- Opening Delimiter -

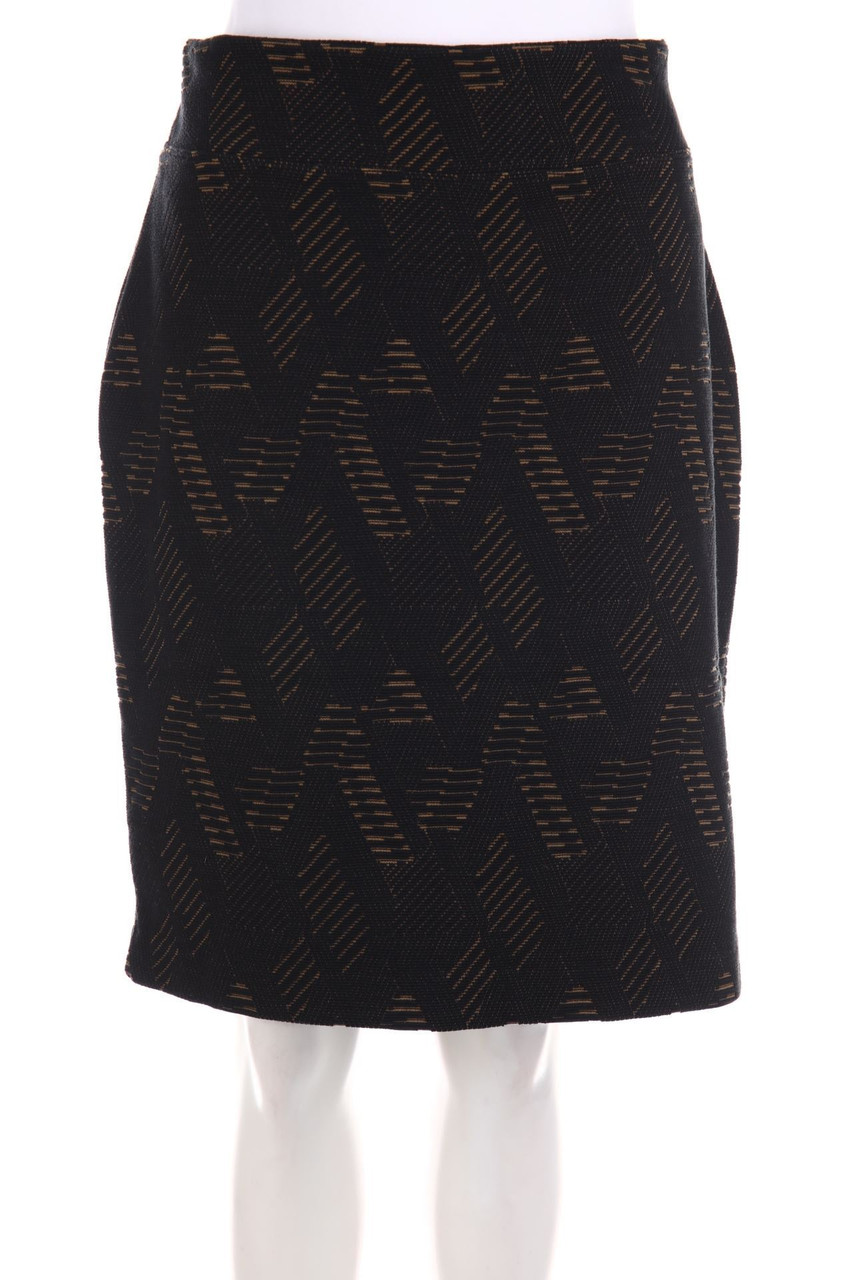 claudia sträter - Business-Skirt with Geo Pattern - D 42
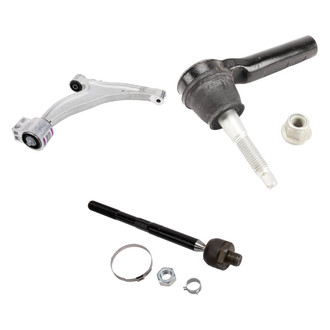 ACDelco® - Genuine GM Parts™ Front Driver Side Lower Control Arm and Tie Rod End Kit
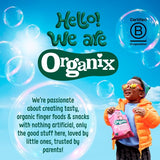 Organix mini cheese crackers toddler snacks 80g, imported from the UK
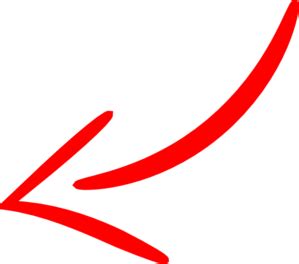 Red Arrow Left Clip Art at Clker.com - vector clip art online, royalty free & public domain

- Closing Delimiter -

• _WORK REQUIRED_: An exact copy of the listing is required; return it without any pictures.

• _OUTPUT OF THE TASK_:
 claudia sträter - Business-Skirt with Geo Pattern - D 42
 ACDelco® - Genuine GM Parts™ Front Driver Side Lower Control Arm and Tie Rod End Kit
 Organix mini cheese crackers toddler snacks 80g, imported from the UK
 Red Arrow Left Clip Art at Clker.com - vector clip art online, royalty free & public domain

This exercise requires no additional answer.